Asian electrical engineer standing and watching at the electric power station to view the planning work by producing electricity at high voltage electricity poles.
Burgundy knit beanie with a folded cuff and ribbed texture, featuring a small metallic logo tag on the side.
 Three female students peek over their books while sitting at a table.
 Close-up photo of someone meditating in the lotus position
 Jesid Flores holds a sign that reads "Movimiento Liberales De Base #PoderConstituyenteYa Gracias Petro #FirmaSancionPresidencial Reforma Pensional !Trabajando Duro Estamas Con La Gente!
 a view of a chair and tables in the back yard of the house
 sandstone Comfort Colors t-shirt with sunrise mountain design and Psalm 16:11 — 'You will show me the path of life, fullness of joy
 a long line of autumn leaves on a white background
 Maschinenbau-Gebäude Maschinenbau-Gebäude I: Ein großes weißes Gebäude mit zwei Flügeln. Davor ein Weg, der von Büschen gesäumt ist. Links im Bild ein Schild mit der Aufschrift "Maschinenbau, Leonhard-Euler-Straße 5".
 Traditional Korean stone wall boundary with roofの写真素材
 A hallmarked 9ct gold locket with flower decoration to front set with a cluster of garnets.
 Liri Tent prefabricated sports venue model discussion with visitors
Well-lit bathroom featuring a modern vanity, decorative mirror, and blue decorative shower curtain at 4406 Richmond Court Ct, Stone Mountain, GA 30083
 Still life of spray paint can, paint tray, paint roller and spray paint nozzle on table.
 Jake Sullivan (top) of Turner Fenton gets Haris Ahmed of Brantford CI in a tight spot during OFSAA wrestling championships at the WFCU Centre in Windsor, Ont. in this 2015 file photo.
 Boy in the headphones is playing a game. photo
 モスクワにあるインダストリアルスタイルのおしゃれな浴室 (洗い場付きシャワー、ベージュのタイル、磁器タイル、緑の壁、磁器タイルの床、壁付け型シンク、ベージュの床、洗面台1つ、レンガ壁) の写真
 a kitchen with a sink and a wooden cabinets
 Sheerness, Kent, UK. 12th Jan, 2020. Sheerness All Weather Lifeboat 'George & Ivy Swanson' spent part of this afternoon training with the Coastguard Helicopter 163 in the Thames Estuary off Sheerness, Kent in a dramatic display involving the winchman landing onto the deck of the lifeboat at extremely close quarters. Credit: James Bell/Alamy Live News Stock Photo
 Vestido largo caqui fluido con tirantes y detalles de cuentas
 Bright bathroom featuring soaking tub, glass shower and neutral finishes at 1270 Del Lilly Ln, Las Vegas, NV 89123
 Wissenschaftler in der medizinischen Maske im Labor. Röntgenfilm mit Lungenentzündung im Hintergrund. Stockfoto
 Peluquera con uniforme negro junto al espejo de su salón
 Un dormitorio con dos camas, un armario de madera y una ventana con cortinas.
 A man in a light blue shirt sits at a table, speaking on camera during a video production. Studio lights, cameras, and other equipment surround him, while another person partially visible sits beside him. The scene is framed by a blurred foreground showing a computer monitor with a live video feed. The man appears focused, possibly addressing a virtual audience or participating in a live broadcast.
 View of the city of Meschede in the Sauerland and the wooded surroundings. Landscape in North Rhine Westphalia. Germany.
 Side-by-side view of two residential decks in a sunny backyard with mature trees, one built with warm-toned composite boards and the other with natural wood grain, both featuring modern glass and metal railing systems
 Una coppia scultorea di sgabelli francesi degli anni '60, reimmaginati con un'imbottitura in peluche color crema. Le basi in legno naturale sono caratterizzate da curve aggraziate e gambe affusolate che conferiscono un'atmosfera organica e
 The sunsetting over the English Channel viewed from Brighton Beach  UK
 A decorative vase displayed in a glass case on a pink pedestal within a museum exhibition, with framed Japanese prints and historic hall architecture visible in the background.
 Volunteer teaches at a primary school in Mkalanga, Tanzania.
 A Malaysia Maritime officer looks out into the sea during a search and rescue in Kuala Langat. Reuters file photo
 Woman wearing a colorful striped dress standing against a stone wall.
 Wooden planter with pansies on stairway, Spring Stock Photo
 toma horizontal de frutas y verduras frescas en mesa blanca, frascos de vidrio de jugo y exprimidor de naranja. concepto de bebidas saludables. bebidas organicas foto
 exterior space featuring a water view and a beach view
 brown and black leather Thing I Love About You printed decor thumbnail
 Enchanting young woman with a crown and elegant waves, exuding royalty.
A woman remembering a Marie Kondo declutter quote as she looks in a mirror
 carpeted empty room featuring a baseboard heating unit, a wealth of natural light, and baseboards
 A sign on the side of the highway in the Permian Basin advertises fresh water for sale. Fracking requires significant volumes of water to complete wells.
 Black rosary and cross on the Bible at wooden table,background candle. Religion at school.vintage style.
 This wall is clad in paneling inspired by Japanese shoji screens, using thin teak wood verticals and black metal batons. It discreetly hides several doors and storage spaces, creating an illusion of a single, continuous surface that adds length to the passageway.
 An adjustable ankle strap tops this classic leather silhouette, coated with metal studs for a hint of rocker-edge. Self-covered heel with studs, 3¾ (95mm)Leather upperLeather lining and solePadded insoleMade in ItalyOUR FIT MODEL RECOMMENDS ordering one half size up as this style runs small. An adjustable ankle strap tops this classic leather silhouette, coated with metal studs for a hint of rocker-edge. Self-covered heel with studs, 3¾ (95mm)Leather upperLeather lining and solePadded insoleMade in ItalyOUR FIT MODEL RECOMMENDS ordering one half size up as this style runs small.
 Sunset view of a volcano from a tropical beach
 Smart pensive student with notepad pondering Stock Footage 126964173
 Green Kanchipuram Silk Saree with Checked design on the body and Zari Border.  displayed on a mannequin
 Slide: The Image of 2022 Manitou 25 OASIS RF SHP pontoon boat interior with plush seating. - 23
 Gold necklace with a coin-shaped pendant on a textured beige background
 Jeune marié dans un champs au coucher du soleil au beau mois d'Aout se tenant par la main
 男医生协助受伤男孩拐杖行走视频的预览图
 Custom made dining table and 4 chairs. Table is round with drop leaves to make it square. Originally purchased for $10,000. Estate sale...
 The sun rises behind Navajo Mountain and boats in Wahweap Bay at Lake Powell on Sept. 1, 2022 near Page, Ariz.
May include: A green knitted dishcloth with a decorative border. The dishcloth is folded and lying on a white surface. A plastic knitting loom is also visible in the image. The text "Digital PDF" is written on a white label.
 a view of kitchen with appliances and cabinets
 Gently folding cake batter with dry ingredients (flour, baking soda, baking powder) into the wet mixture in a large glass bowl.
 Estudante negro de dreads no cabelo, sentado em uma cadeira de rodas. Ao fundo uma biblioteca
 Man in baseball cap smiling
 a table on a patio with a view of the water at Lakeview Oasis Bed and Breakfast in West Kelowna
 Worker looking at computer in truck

● **Problem requirements**: Go back to the listing above. Copy word for word the lines from the one with "Maschinenbau-Gebäude Maschinenbau-Gebäude I: Ein" through the one with "Liri Tent prefabricated", and nothing more.

● **Solved problem**:
 Maschinenbau-Gebäude Maschinenbau-Gebäude I: Ein großes weißes Gebäude mit zwei Flügeln. Davor ein Weg, der von Büschen gesäumt ist. Links im Bild ein Schild mit der Aufschrift "Maschinenbau, Leonhard-Euler-Straße 5".
 Traditional Korean stone wall boundary with roofの写真素材
 A hallmarked 9ct gold locket with flower decoration to front set with a cluster of garnets.
 Liri Tent prefabricated sports venue model discussion with visitors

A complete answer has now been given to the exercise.